No depende de que las cosas salgan bien. Depende de que Cristo reina.
Y esa paz no solo es vertical —entre tú y Dios—, también es horizontal, entre nosotros como iglesia. Por eso Pablo dice: “para la cual fuisteis llamados en un solo cuerpo”.
Dios no te salvó solo para que tengas paz en tu alma. Te salvó para que esa paz te una con otros que también fueron alcanzados por gracia.
Porque, seamos honestos: cuando hay conflicto en la iglesia, ¿quién toma la última palabra? ¿La persona más ruidosa? ¿El que se enoja más rápido? ¿El que gana la discusión?
Pablo dice: no. Que la paz de Cristo decida entre ustedes. Porque donde esa paz reina, hay unidad. Y donde esa paz se ignora, nace el conflicto.
Y entonces Pablo lanza una frase que parece decorativa, pero que es clave:
“Y sean agradecidos”.
Eso suena simple, pero es profundo. Porque la gratitud es el terreno donde florece la paz.
Un corazón que recuerda cuánta gracia ha recibido, no explota por tonterías. Un creyente que vive diciendo “¡gracias, Señor!” difícilmente va a estar diciendo “¡cómo me falló ese hermano!”.
PORQUE: Un corazón agradecido a Dios será siempre un corazón amable con los hombres.
CONCLUSIÓN.
CONCLUSIÓN.
Así que, iglesia, necesitamos cambiar de árbitro interior.
No puede seguir decidiendo tu enojo, ni tu trauma, ni tu orgullo. Tiene que decidir la cruz. Tiene que hablar la paz de Cristo.
Iglesia, esta semana te vas a vestir… sí o sí.
La pregunta es: ¿con qué?
¿Con el viejo tú que guarda rencor, que responde mal, que se deja llevar por la ansiedad, por la crítica, por el orgullo?
¿O con el nuevo tú que ya ha sido perdonado, amado y vestido por Jesús?

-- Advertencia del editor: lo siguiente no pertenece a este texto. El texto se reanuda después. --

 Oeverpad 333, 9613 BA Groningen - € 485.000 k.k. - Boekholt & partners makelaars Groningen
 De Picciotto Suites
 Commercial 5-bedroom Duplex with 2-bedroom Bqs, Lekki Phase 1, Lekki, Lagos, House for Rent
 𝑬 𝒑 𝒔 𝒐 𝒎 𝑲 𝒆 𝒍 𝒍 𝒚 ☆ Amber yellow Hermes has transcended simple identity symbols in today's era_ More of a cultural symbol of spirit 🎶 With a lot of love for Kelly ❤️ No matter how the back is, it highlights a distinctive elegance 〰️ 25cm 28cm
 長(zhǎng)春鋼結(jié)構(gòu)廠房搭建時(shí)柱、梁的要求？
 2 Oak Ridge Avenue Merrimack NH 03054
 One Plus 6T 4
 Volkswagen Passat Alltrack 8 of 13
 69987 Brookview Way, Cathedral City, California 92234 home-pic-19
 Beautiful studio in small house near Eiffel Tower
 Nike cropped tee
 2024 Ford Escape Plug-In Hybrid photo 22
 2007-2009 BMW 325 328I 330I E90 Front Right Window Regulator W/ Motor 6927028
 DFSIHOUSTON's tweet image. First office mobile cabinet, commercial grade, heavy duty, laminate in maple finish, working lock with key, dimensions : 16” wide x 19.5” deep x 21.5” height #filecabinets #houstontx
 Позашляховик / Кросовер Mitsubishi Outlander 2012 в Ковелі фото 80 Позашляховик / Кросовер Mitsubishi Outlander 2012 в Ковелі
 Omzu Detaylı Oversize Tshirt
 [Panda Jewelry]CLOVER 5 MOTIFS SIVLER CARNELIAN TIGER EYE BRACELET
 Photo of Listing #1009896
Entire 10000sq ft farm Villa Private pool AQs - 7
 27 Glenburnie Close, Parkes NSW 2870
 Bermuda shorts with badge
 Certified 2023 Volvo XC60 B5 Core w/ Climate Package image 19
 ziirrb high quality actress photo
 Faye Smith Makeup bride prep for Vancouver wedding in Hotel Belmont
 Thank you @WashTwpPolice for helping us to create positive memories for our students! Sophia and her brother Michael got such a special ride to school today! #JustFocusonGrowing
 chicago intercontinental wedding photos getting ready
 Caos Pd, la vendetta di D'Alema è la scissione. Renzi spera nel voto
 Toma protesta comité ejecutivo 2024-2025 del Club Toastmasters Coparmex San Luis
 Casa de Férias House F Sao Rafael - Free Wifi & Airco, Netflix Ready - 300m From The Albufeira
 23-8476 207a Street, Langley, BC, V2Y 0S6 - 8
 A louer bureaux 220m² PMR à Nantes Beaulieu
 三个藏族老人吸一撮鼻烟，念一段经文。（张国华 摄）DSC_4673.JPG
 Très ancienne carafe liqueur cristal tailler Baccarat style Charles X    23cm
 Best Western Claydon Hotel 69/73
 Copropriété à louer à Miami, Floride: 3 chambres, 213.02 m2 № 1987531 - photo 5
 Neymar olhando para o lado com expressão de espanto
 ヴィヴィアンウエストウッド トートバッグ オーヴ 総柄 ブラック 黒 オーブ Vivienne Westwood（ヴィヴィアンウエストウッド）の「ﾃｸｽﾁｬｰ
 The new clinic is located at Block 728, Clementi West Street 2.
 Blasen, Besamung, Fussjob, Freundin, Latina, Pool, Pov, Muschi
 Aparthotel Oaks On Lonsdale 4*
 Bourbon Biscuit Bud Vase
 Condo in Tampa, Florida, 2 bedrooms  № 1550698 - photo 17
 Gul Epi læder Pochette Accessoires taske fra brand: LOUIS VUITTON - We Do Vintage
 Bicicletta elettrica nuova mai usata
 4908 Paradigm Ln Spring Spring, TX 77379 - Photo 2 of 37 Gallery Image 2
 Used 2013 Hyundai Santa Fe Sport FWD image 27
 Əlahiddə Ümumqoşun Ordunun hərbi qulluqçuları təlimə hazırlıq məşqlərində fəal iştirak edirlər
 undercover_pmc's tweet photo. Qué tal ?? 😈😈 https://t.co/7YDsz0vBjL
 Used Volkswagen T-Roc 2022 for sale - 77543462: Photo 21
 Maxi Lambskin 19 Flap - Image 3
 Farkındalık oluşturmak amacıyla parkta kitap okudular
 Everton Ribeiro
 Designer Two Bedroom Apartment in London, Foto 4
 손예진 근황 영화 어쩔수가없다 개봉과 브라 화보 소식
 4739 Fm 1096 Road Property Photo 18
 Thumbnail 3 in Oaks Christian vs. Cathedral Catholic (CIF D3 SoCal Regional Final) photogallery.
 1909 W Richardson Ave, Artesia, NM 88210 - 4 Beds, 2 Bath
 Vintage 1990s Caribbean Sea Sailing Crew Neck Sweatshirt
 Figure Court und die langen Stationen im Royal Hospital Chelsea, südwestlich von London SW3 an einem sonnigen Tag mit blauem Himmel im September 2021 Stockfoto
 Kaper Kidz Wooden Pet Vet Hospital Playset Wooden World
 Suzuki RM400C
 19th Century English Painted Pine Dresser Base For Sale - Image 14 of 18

Mañana vas a levantarte, vas a salir a trabajar, vas a manejar con tráfico, vas a encontrarte con personas difíciles. Vas a tener que soportar. Vas a tener que perdonar. Vas a tener que decidir qué voz vas a escuchar cuando tus emociones se desborden.
Y ahí… justo ahí… te vas a acordar de este mensaje.
Y mi oración es que en ese momento digas:
“Señor, hoy quiero vestirme de ti. Hoy no quiero reaccionar como antes. Hoy quiero que mi vida diga que tú eres real”.
Así que, haz esto bien práctico:
¿Tienes que tener una conversación incómoda esta semana? Vístete de humildad.
¿Estás enojado con alguien de tu familia? Vístete de perdón.
¿Estás batallando con estrés o incertidumbre? Vístete de paz.
¿Te sientes tentado a compararte o competir? Vístete de gratitud.
Y si fallas, porque vas a fallar… no corras a esconderte. Corre a Jesús. Él no te regaña… te vuelve a vestir.
Cristo ya ganó tu lugar. Ya te escogió, ya te amó, ya te perdonó.
Así que sal de aquí no a ganarte nada, sino a vivir como alguien que ya lo tiene todo.
Vístete del evangelio… y deja que la gente vea a Cristo caminando en ti.